As Hungary intensifies its crackdown on gay rights, including an effective ban on same-sex adoption, some LGBT Hungarians are close to quitting the country while others have already left.

"It motivates me to leave, that I may not be able to have the life with my partner that we dream about, to maybe have family in the future," Barbara Pongracz, a 31-year-old recruitment consultant, told AFP.

"I am just fed up with this negative environment," said Pongracz, who also DJs at LGBT events.

Prime Minister Viktor Orban has enacted a socially conservative policy agenda in recent years, shaping Hungary into what he calls a bastion against liberal ideologies.

A book featuring minority characters, including LGBT people, playing roles in classic tales stirred controversy in Hungary this autumn
A book featuring minority characters, including LGBT people, playing roles in classic tales stirred controversy in Hungary this autumn AFP / ATTILA KISBENEDEK

On Tuesday, parliament passed a constitutional amendment declaring that "the mother is a woman, the father is a man" as the government doubles down on traditional definitions of family and marriage.

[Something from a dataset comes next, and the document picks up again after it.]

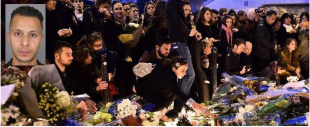 Il cordoglio per la strage di Parigi e nel riquadro il terrorista ancora ricercato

Another new law says that only married couples can adopt children, practically excluding LGBT Hungarians as gay marriage is not permitted in Hungary.

The legislative wave this year has been accompanied by rising anti-gay sentiment in the media, sometimes voiced by senior politicians.

Orban himself urged gay people to "leave our children alone" in October.

Only weeks later, Jozsef Szajer, a co-founder of Orban's ruling Fidesz party and the main author of Hungary's rewritten 2012 constitution, resigned as an MEP after Belgian police caught him fleeing from a gay orgy in Brussels that breached lockdown rules.

A woman takes part in an LGBT Pride Parade in Budapest in July 2019
A woman takes part in an LGBT Pride Parade in Budapest in July 2019 AFP / ATTILA KISBENEDEK

"I'm not surprised that there are gays in Fidesz," said Pongracz. "That makes it all the more disturbing how they talk about LGBT people."

"The LGBT community has become a scapegoat," said Marcell Lenart, a 39-year-old freelance translator, who says attitudes on the street have "polarised" recently.

Josef Szajer stepped down as an MEP for Hungarian Prime Minister Viktor Orban's Fidesz party after being arrested at a gay orgy in Brussels
Josef Szajer stepped down as an MEP for Hungarian Prime Minister Viktor Orban's Fidesz party after being arrested at a gay orgy in Brussels AFP / PETER KOHALMI

"If I hold hands with my partner in public people now either demonstrate their progressiveness or they are openly homophobic," Lenart told AFP.

"But we just want to be left alone," he said.

Faced with the raft of legislation, especially the ban on same-sex parenting and the recent dissolution of an equality authority that handled workplace and housing discrimination cases, Lenart has also considered leaving Hungary.

"I'm not thinking of adopting right now, but if that changed soon it is upsetting that basically I cannot do that here," he said.

Prime Minister Viktor Orban has turned to traditional values to cement his rule in Hungary
Prime Minister Viktor Orban has turned to traditional values to cement his rule in Hungary POOL / JOHN THYS

Ivett Ordog, 40, made her decision to emigrate shortly after another law was passed in May that reversed regulations allowing transgender citizens to change the gender listed on legal documents.

Previously a spokesperson for the "Drop 33" campaign that opposed the legislation, she moved to Berlin in August, where she works as an engineering manager.

"I feel more calm here, before moving I started developing psychological issues," she told AFP.

Ordog says the new law puts trans people at risk of getting harassed in situations when they must show their identity papers, forcing them to come out as trans for example when collecting a package at the post office or accessing public services.

"Usually nothing bad happens, but every time you have to prepare for the worst, when you are outed in front of staff or a large audience, you never know if someone might come after you," said Ordog.

"People have a natural tendency to be curious but it is easy to turn them against a minority that they don't have much information on," she added.

Anti-gay violence is still rare in Hungary, but Agoston, another recent emigrant who did not want his full name published, said verbal aggression is increasing.

"I got tired of homophobia," said the 39-year-old nurse who also volunteered each year to marshal the annual Budapest Pride parade.

In recent years he experienced "more and more far-right attacks on the fringes of the Pride events, not physical but verbal, but the trend was worsening".

Agoston said he feels "lonelier than back home, but safer" since moving to a Bavarian town in November.

"When I read the news now about another homophobic law, at least I know I'm out of it," he told AFP.

For returned emigrant Balint Meiszterics, back in Hungary with his partner after a year in the UK in 2017, coming back to be with friends and family is a decision he said he "starts to regret".

"We can't live the same life as straight people in Hungary, we can't get married, we can't adopt," he said, adding that they will probably move abroad again soon.

With a parliamentary election approaching in 2022, Meiszterics, a 29-year-old corporate trainer, fears the targeting could intensify during the run-up.

"I just hope they don't go as far as in Poland where they have LGBT-free zones".